Catalyst Landscapes / Urban Form
Background/Introduction
Rotterdam was leveled by Nazi bombing in WW II, but rose to become Europe’s most vibrant and diverse city. What was once 19th century farmland along the Rhine River was carved into Rotterdam’s largest harbor, Maashaven, the largest and busiest port in Europe. Behind a robust system of dykes and around the harbor, grew a blue-collar neighborhood with low income housing stock, but with little attention to parks and waterfront access.
A familiar post-industrial story unfolded. Harbor activities declined and their jobs left with them, leaving behind unused port-related buildings and affordable housing for recent immigrants. Today, harbor neighborhoods like Carnisee and Afrikaanerwick, while rich with culture are woefully lacking the kind of vibrant parks we now associate with our 21st century culture of social, recreational, and environmental resiliency. While development proposals for the area have appeared over the past decade, none have gained traction with the city, owners, and surrounding neighborhoods. In response, the city initiated an urban revitalization plan, calling for a new large park, Nelson Mandela Park, designed by SWA/Balsley, as its centerpiece. Understanding that parks must be nearby the communities they serve, the park will reclaim twenty acres of the innermost portion of the harbor as the neighborhood’s recreational nexus.
Course Study Site and Objectives
The specific area to be redeveloped extends for one half mile along Maashaven’s southern waterfront.

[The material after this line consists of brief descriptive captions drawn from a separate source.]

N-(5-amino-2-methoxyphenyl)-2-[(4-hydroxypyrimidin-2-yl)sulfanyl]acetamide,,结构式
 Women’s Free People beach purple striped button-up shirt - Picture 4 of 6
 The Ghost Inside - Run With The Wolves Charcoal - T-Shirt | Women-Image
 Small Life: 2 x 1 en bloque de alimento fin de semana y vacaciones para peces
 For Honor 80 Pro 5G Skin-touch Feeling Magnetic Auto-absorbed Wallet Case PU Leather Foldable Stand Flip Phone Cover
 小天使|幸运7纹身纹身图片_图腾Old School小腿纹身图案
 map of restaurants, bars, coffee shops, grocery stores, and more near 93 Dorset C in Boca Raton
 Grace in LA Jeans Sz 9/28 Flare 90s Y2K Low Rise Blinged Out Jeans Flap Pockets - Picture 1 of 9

Currently chock-a-block with a variety of older buildings and uses, this ribbon of post-industrial heritage holds the possibility of being transformed into an urban mixed-use district with vibrant streetscapes, plazas, and waterfronts that simultaneously enhance rather that gentrify the existing, adjacent, culturally diverse working-class neighborhoods of Afrikaanderwick and Carnissee.
Too often, real estate development and landscape architecture operate in silos, resulting in leftover open spaces that bring little value to the development or the communities they serve. The unique partnership between the landscape option studio and the Master in Real Estate’s “The Development Project” course provides an opportunity for students to collaborate in the preparation of a realizable, sustainable, and financially viable development scheme for the Maashaven district. Working together in small teams, students will find common ground and language as they seek to create a development paradigm where the public realm and its open spaces play a key role in the development’s urban form, financial viability, and public benefit. As an eight-unit course, the option studio will meet twice a week, overlapping in one of the meetings with the four unit The Development Project course, as well as the one-week site visit to Rotterdam with the MLA studio.